We quietly walked back to get our stuff and set up camp in the waiting room. This is where we are to sit and pass the time while we receive hourly updates from the charge nurse on how she was doing back there. These honestly are life line, they come on the hour and if we left for any reason, food, bathroom, ANYTHING, we made sure we were back for our hourly update. After about the third update it was pretty much the same, Dr. Dori was attempting to fix her lymphatic passageways.

This may now get a little medically technical so I will do my best to explain but bear with me. After this procedure we met with Dr. Dori to discuss his findings. He started by saying she had a pretty abnormal lymphatic system. On a scale of one being least abnormal to 4 being the most abnormal, she was a 3. I feel like this news doesn’t come to a shock to us anymore. Everything about this kid is different and complex yet somehow she has always been able to make it work to some degree. However he was unfortunately unable to fix it entirely. Her lymphatic passage way to thoracic cavity (area over her lungs causing the problem) was too narrow for him to access. So he attempted to access some lymph nodes around her lungs to embolise. In an effort to relieve some of the extra lymphatic flow over her lungs, he was able to do a few but not many. Dr. Dori left us with she needs more time for that passageway to grow. I can’t lie at this point in the conversation I’m crushed to know this time he wasn’t able to fix it. So our tentative plan for now is to keep her heavy on the diuretics. Which is not ideal, it’s a very fine line of appropriate diuresing and total dehydration. Dr. Dori will map out for her surgeon what else needs to be done come time for her Fontan (her next step open heart surgery). She will not need this surgery until 2.5 to 3.5 years old. Cardiologists look at many factors to decide when each child receiving these step surgeries will need it. So with that being said it leaves us in a potentially long process of balancing her fluids and keeping her as safe as possible until then.
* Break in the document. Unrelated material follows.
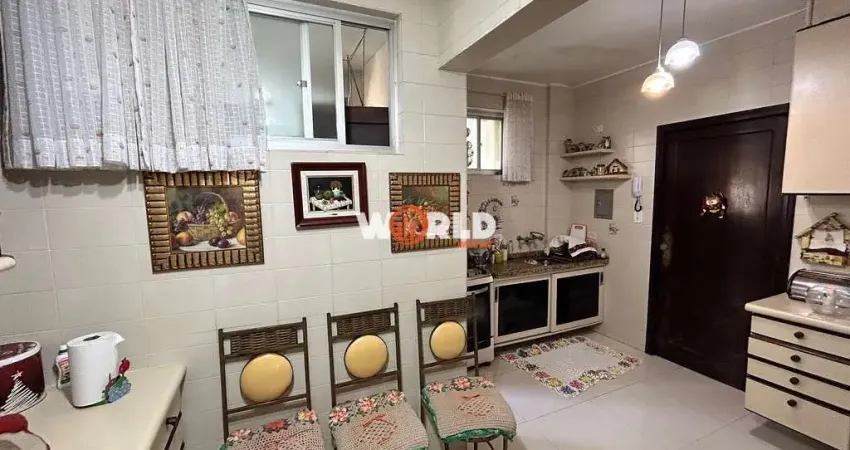 Apartamento com 3 quartos à venda no Centro Histórico, Paranaguá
There is a backup plan though, there always is. If in the event we cannot keep this in check with medications there is another surgical option. One that we would very much prefer not to have to under go as the long term repercussions are unknown.
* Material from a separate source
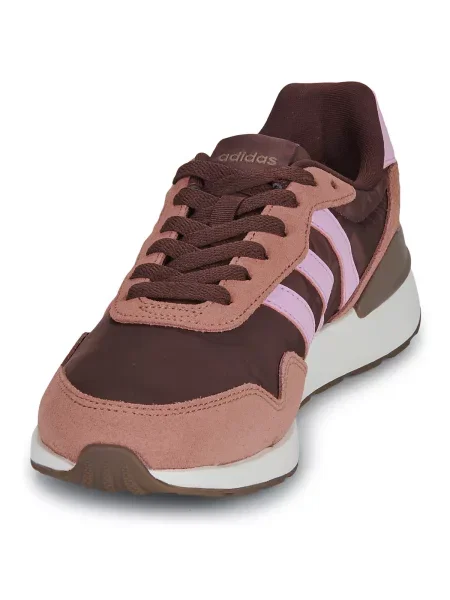 Trčanje tenisice Adidas Sportswear smeđa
As for how Jocelyn is doing, well she is a freaking rockstar. She was only the CICU for 24 hours before we could go to the step down unit. Where she hung out for a few more observation days while we rearranged her diuretics making sure she electrolytes were all in good balance. I know we will be more closely monitored and more frequent office visits complete with X-rays and lab work. So here’s to more stress… We are currently home and she’s seems to being doing just wonderfully. Fingers crossed and all the wood knocked on. Thank you for reading and I hope everyone continues to make the best of the summer.